Six acteur du 17ème siècle, à tour de rôle, vous interpellent et vous expliquent qui ils sont, leur environnement, leurs amours et leurs questions.
Car il est bien question de doutes, de révélations : Est-ce Corneille qui a écrit les pièces de Molière ?
Le lecteur écoutera donc, par ordre d'apparition en scène :
Maître Pierre, ou le Vieux pour Pierre Corneille, amoureux de l'épouse de Molière
La Désirée pour Armande Bejart, actrice et épouse de Molière
Le Petit pour le jeune comédien Michel Baron, proche de Molière
L'Intouchable pour Molière
L'Accoucheuse pour Madeleine Béjart, mère d'Armande
L'Épouse pour Marie Corneille

Le récit commence au cimetière : les proches accompagnent Molière qui vient de décéder en février 1673. Y compris Pierre Corneille, qui se fera tout petit car Armande ne veut pas le voir
La pièce va donc ressusciter Molière et son ancienne compagne Madeleine, décédée quelques années avant l'auteur.

Deux thèmes centraux : le doute sur la paternité des pièces de Molière, la révélation de Corneille ou pas... Et la compréhension de l'environnement proche de Molière.
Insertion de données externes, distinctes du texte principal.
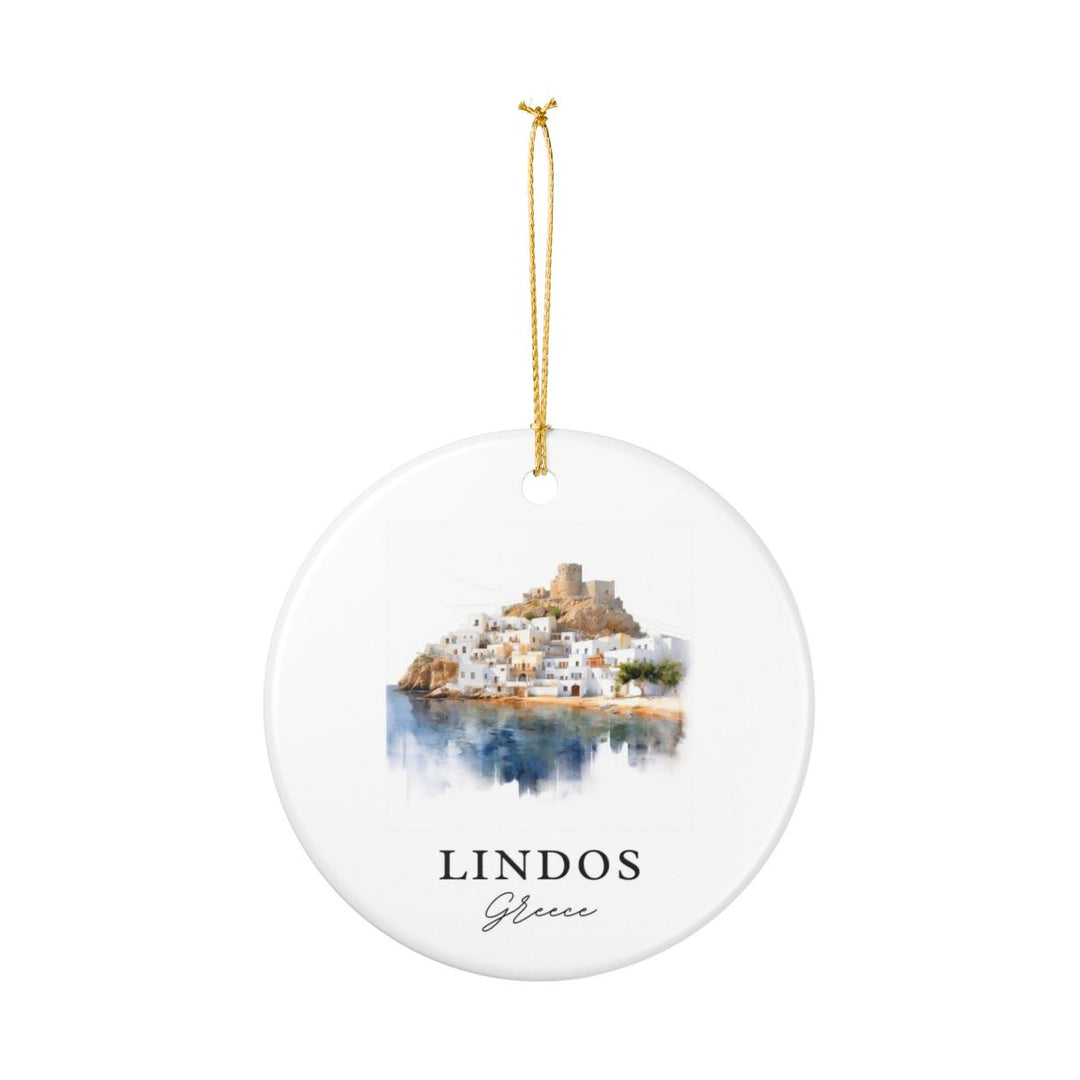 Lindos Greece Ornament: Unique Lindos Greece Souvenir, Lindos Greece Xmas Decor, and Authentic Lindos Greece Gift
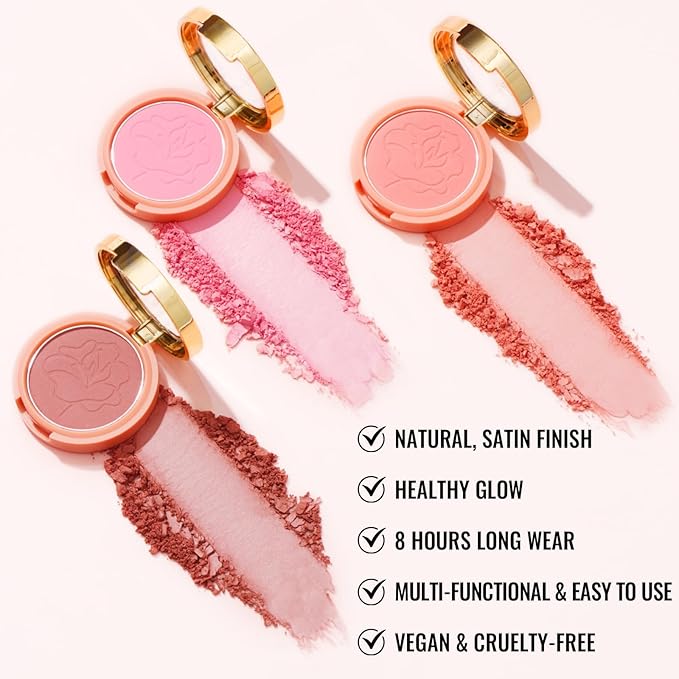 Oulac Purple Blush for Cheeks Blush Makeup Highly Pigmented With Natural Matte Finish Easy to Use Shape&Highlight Face Cruelty-Free with Rose Oil 20
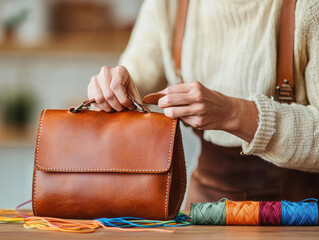 Handcrafted leather handbag creation with colorful threads and tools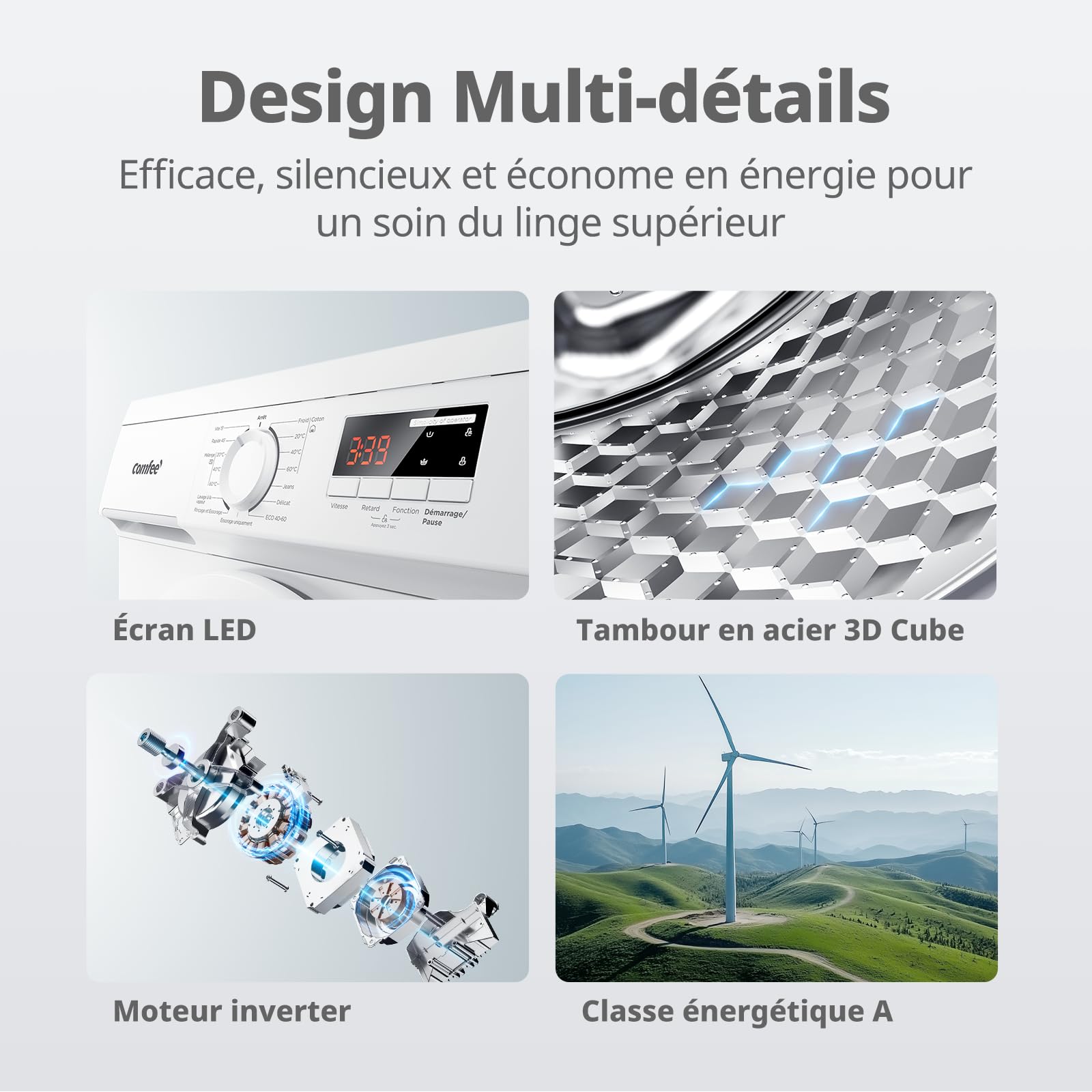 Lave-linge frontal 8KG, Classe énergétique A, Moteur BLDC 1400 tr-min, 15 Programmes, Prélavage, Blanc [Classe énergétique A]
Et cela, c'est passionnant car chacun s'exprime en toute sincérité, en toute intimité devant le lecteur que nous sommes. Il semblerait, d'après les études de Cafiero et Camps (https://www.chartes.psl.eu/fr/actualite/jean-baptiste-camps-florian-cafiero-publient-affaires-style-du-cas-moliere-affaire-gregory) que les pièces de Molière appartiennent bien à son auteur.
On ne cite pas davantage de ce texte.